WHAT TO DO>
Word for word, please copy the line containing "And 1 mens pants" and all lines after it in the entries below, and only those, leaving every picture out.

-- Opening Marker --

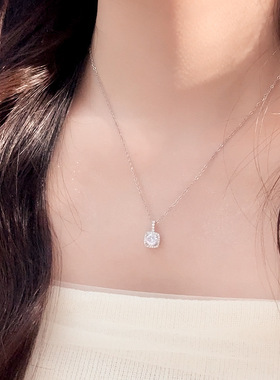 小方糖钛钢项链女百搭小众锆石项链饰品女锁骨链不锈钢吊坠配饰品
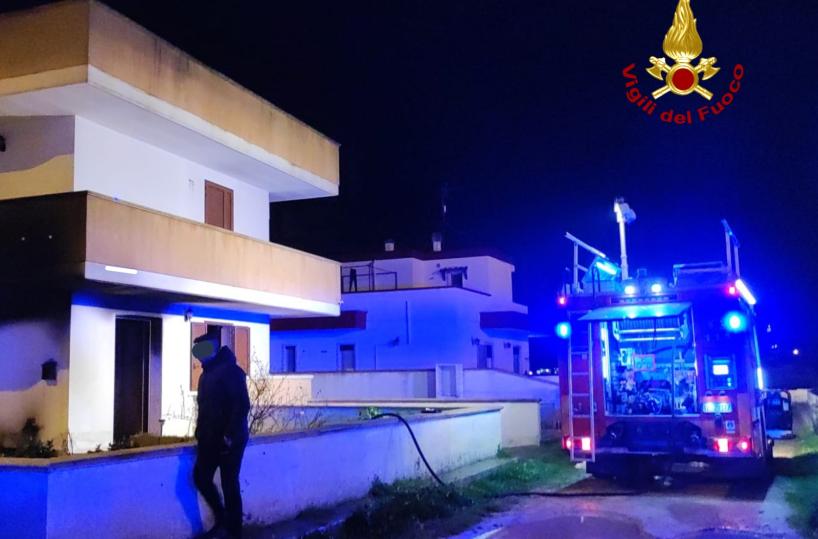 Ugento, cerca di scaldare il letto con un phon e dà fuoco a tutta la casa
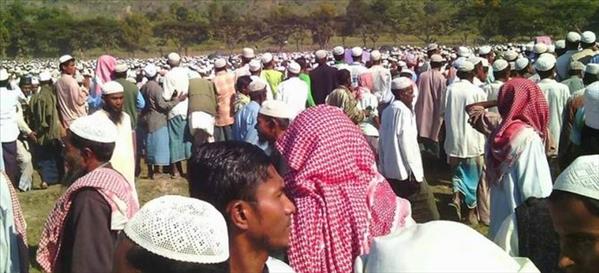 Arakan&#39;da cenaze namazında mahşeri kalabalık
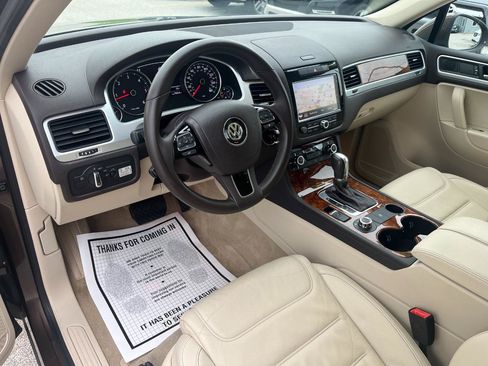 Used 2013 Volkswagen Touareg TDI AWD/4WD image 12
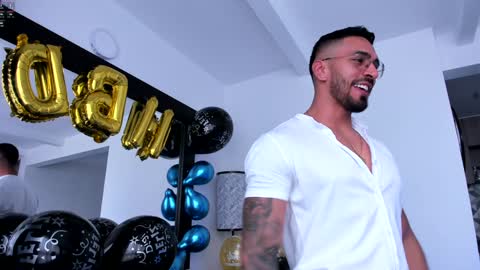 Snapshot of tony_muscle1 chatting on 12/27/24, 11:10 tony muscle1 online show from 12/27/24, 11:10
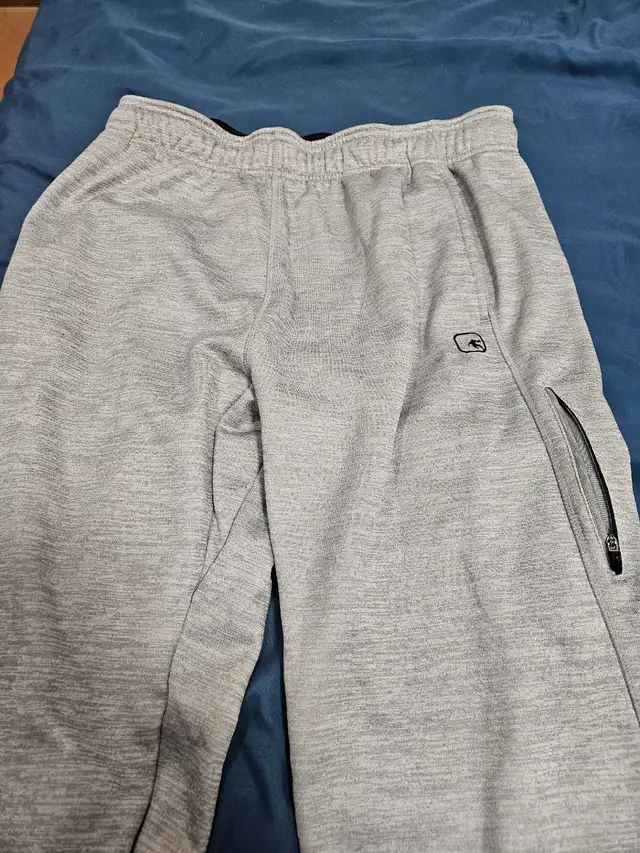 And 1 mens pants in Men's in Calgary - Image 5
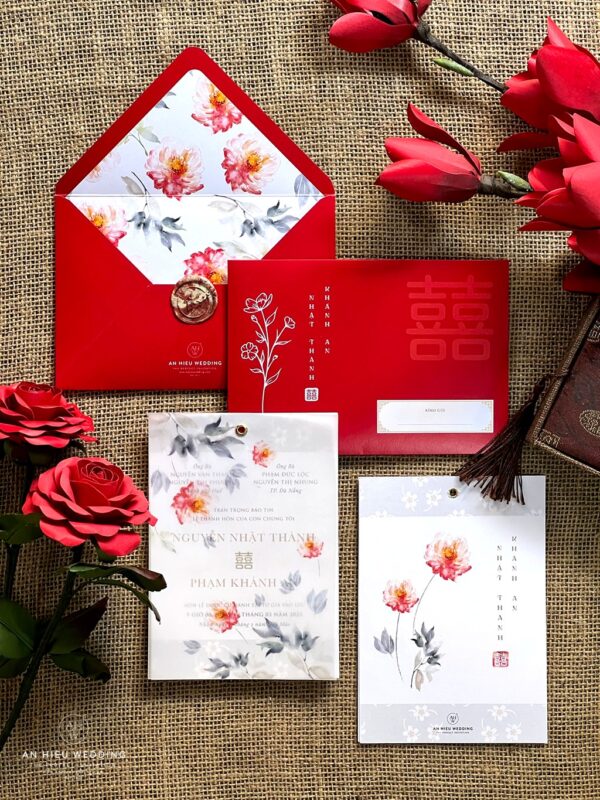 Thiệp cưới phong cách Á Đông với họa tiết hoa mẫu đơn tone màu đỏ sẽ là một lựa chọn hoàn hảo cho các cặp đôi, muốn tạo nên một đám cưới đáng nhớ với phong cách riêng và đặc trưng cho ngày đám cưới của mình.
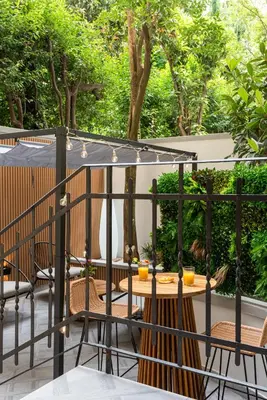 Balcone o terrazza di Elegante Appartamento con Giardino Privato, Jacuzzi nel Cuore di Firenze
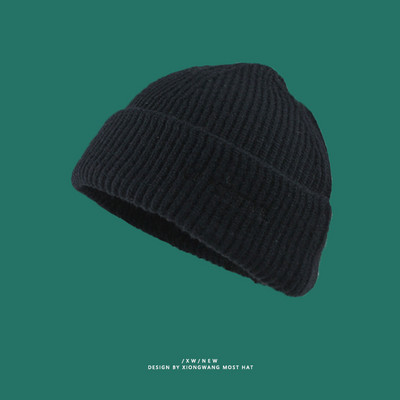 Őszi kötött sapka hímzéssel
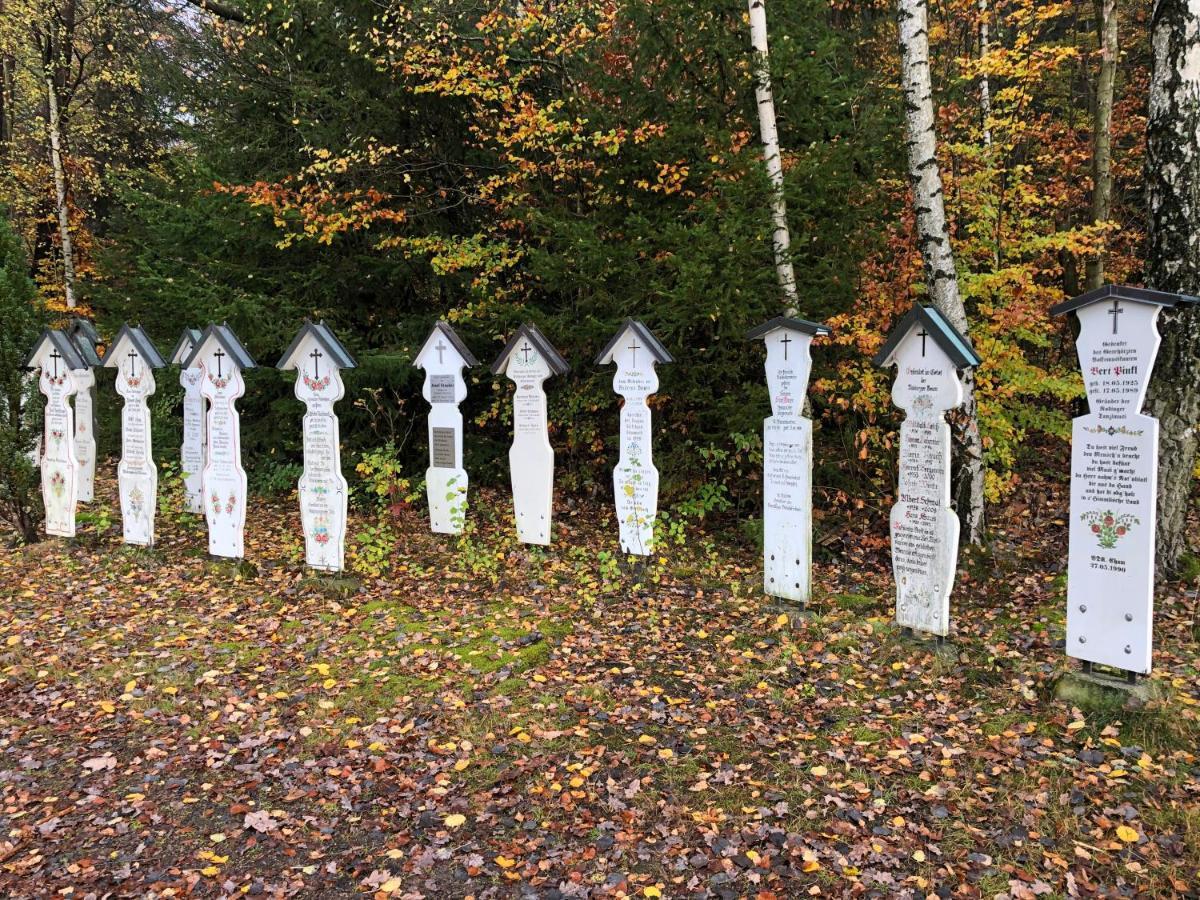 Romantikhuetten 1 & 24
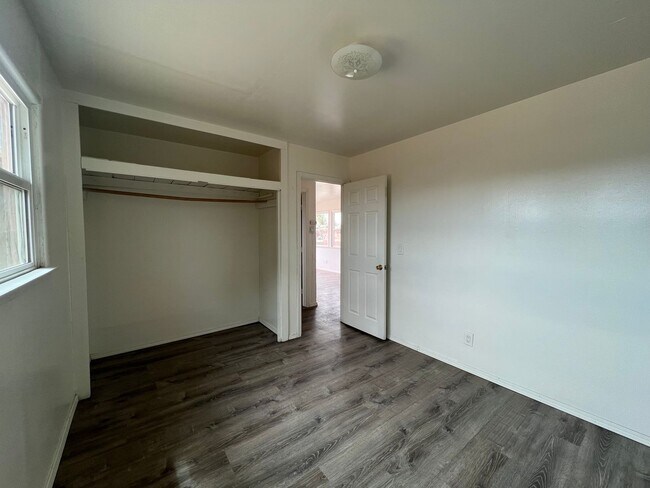 Building Photo - P054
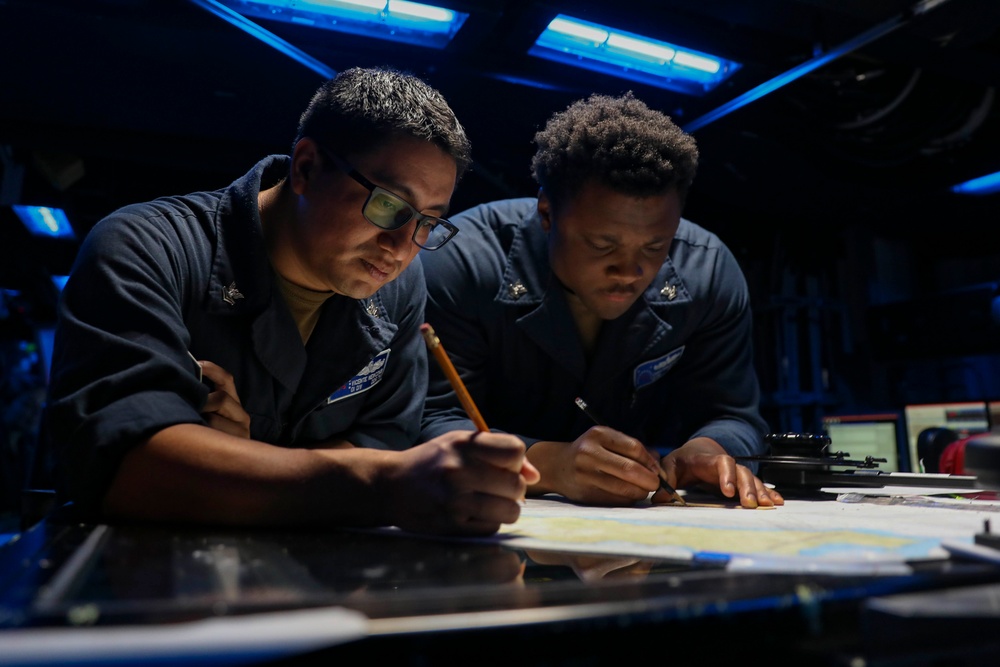 USS Higgins Conducts Naval Surface Fire Support Drill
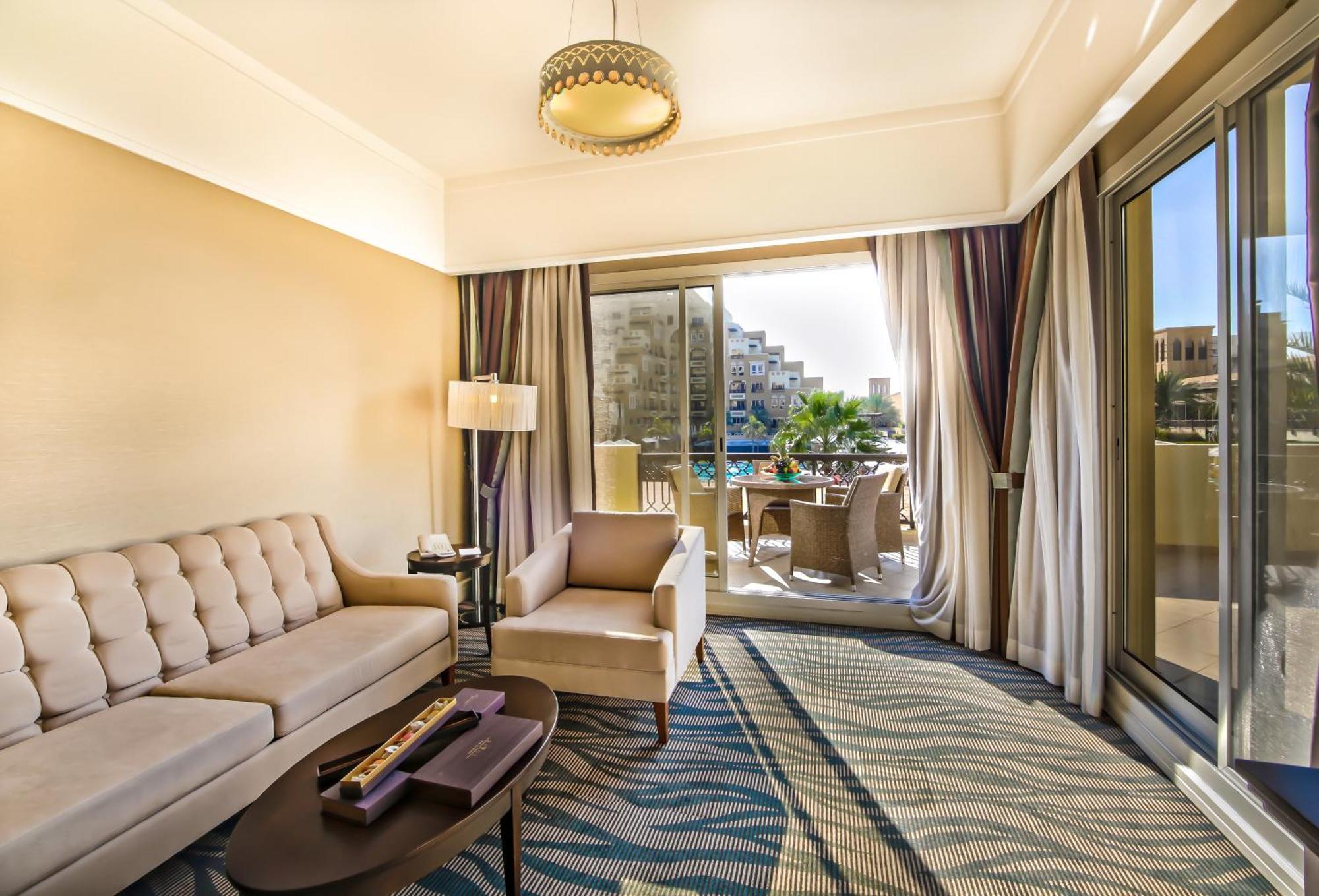 Rixos Bab Al Bahr Hotell Ras al-Khaimah Exteriör bild A suite at the Hilton Cairo
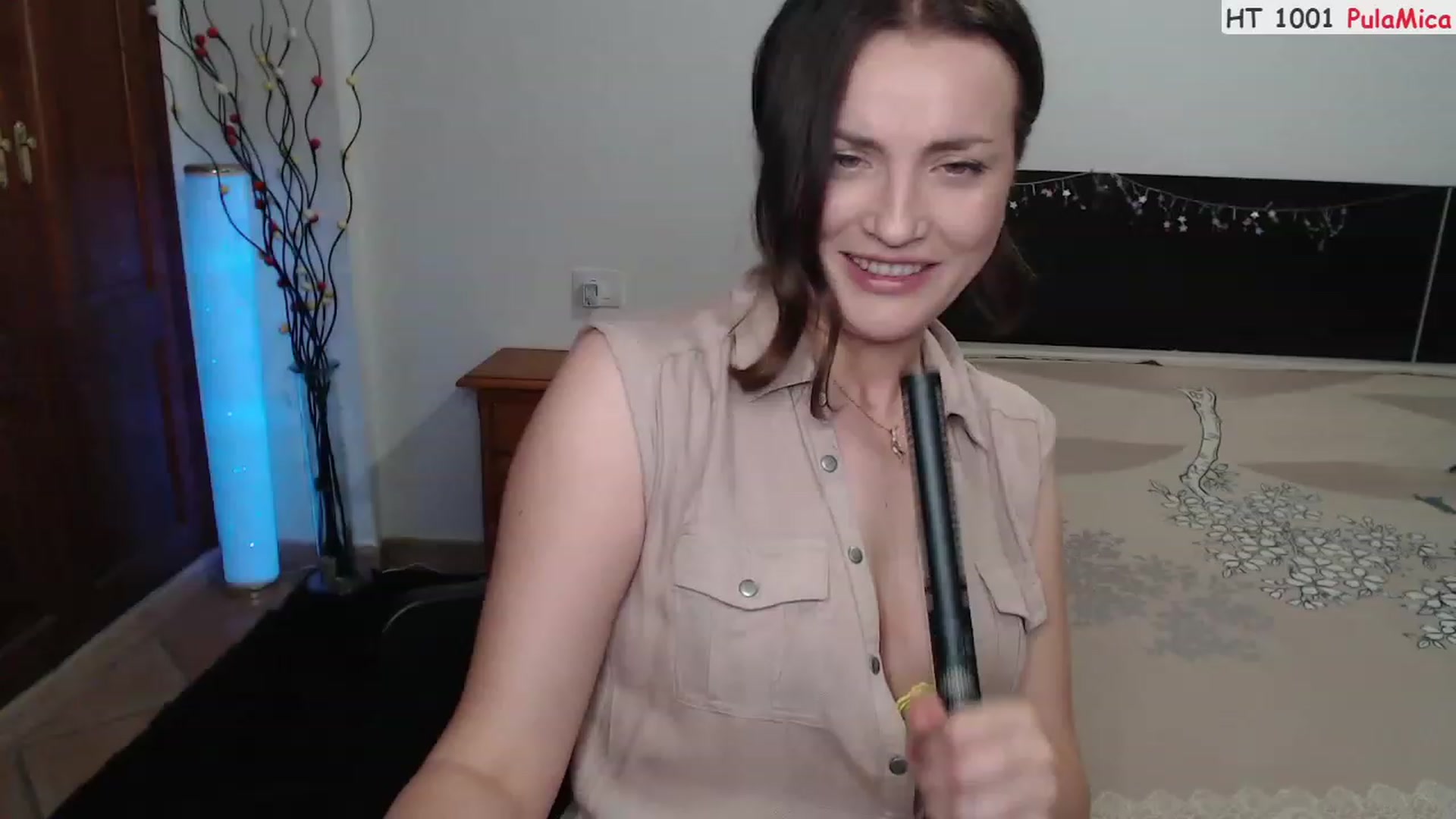 Gallery image thumbnail from Deeleerious's myfreecams stream on, 06/11/2023, 24:39 image 8 of 20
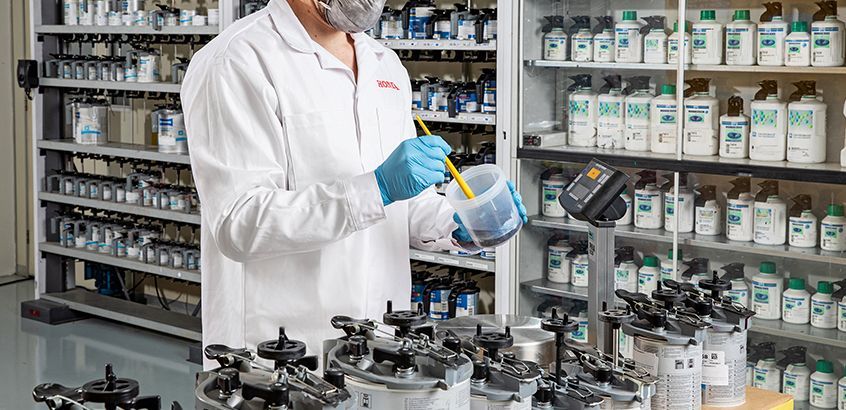 Profissional Honda preparando a tinta especial para pintura na oficina de Funilaria e Pintura Honda Kaizen RS em Porto Alegre
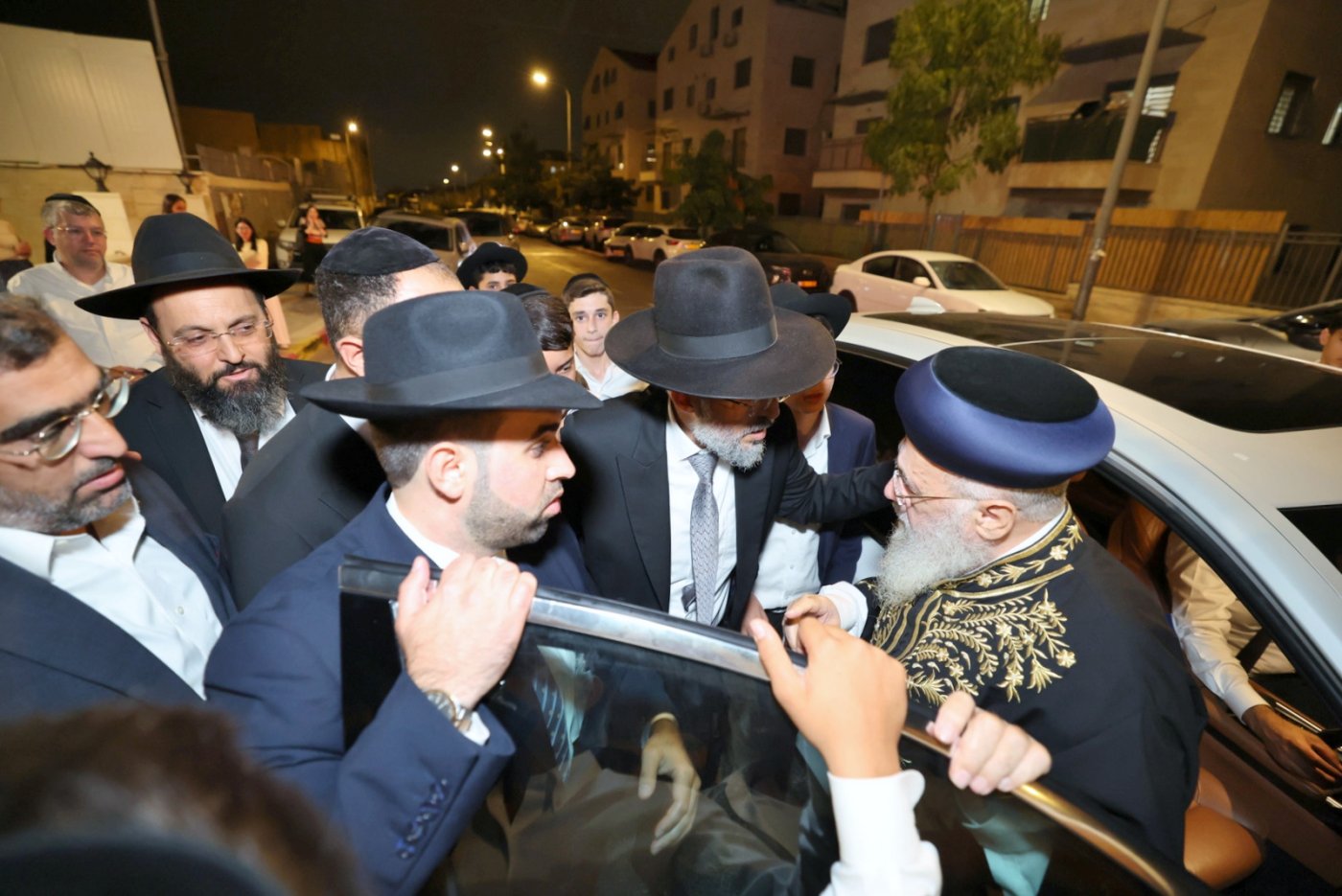 מרן הראש"ל חיזק את תושבי בית שמש לקראת יום הדין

-- Closing Marker --

SOLVED PROBLEM>
 And 1 mens pants in Men's in Calgary - Image 5
 Thiệp cưới phong cách Á Đông với họa tiết hoa mẫu đơn tone màu đỏ sẽ là một lựa chọn hoàn hảo cho các cặp đôi, muốn tạo nên một đám cưới đáng nhớ với phong cách riêng và đặc trưng cho ngày đám cưới của mình.
 Balcone o terrazza di Elegante Appartamento con Giardino Privato, Jacuzzi nel Cuore di Firenze
 Őszi kötött sapka hímzéssel
 Romantikhuetten 1 & 24
 Building Photo - P054
 USS Higgins Conducts Naval Surface Fire Support Drill
 Rixos Bab Al Bahr Hotell Ras al-Khaimah Exteriör bild A suite at the Hilton Cairo
 Gallery image thumbnail from Deeleerious's myfreecams stream on, 06/11/2023, 24:39 image 8 of 20
 Profissional Honda preparando a tinta especial para pintura na oficina de Funilaria e Pintura Honda Kaizen RS em Porto Alegre
 מרן הראש"ל חיזק את תושבי בית שמש לקראת יום הדין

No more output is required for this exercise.